In the Interest of D.P., A.P., and V.P., Children v. the State of Texas
In the Interest of D.P., A.P., and V.P., Children v. the State of Texas
Opinion
IN THE TENTH COURT OF APPEALS No. 10-23-00083-CV IN THE INTEREST OF D.P., A.P., AND V.P., CHILDREN
From the 361st District Court Brazos County, Texas Trial Court No. 22-000470-CV-361
MEMORANDUM OPINION
Mother appeals from a final order terminating her parental rights to three children—D.P., A.P., and V.P. Counsel for Mother has now filed a motion to withdraw and an Anders brief asserting that he diligently reviewed the record and that, in his opinion, the appeal is frivolous. See generally Anders v. California, 386 U.S. 738, 87 S. Ct. 1396, 18 L. Ed. 2d 493 (1967); In re E.L.Y., 69 S.W.3d 838, 841 (Tex. App.—Waco 2002, order) (applying Anders to appeals from the termination of parental rights).

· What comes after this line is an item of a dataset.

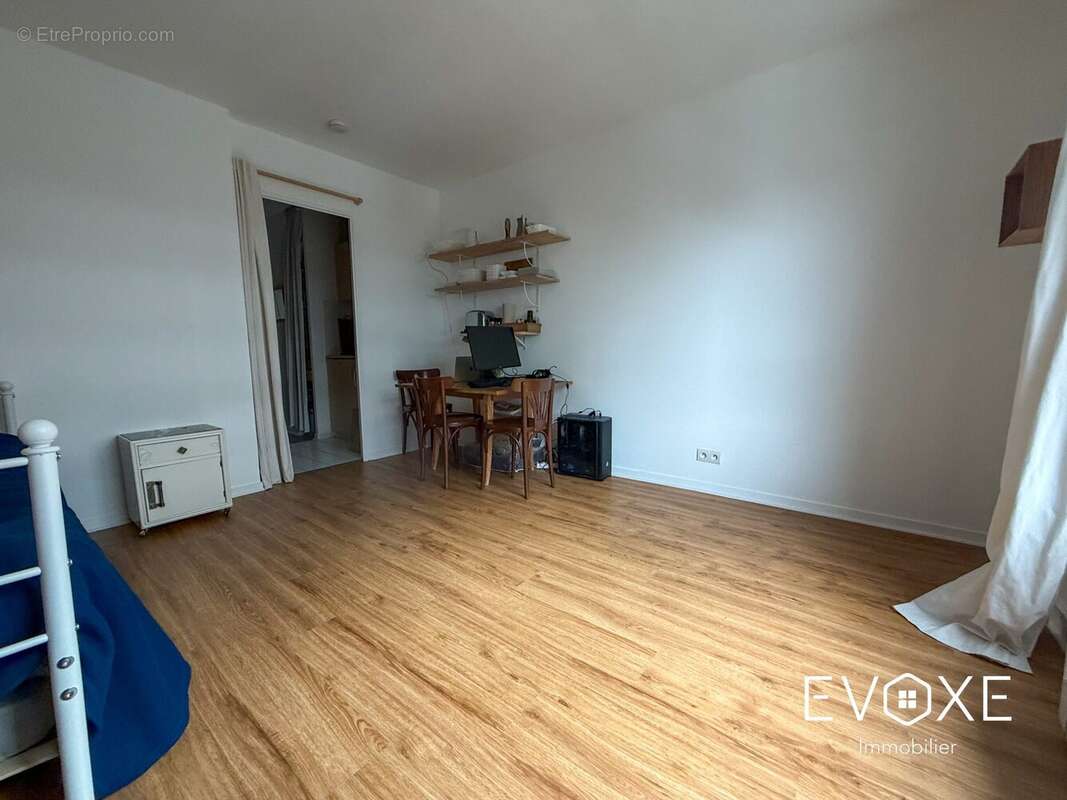 Appartement à PARIS-14E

Counsel’s brief meets the requirements of Anders by presenting a professional evaluation demonstrating why there are no arguable grounds to advance on appeal. See In re Schulman, 252 S.W.3d 403, 406 n.9 (Tex. Crim. App. 2008) (“In Texas, an Anders brief need not specifically advance ‘arguable’ points or error if counsel finds none, but it must provide record references to facts and procedural history and set out pertinent legal authorities.”); Stafford v. State, 813 S.W.2d 503, 510 n.3 (Tex. Crim. App. 1991). Counsel for Mother has carefully discussed why, under controlling authority, there is no reversible error in the trial court’s order of termination. Counsel has informed us that he has: (1) examined the record and found no arguable grounds to advance on appeal and (2) served Mother with a copy of the brief and instructions on how to obtain the record.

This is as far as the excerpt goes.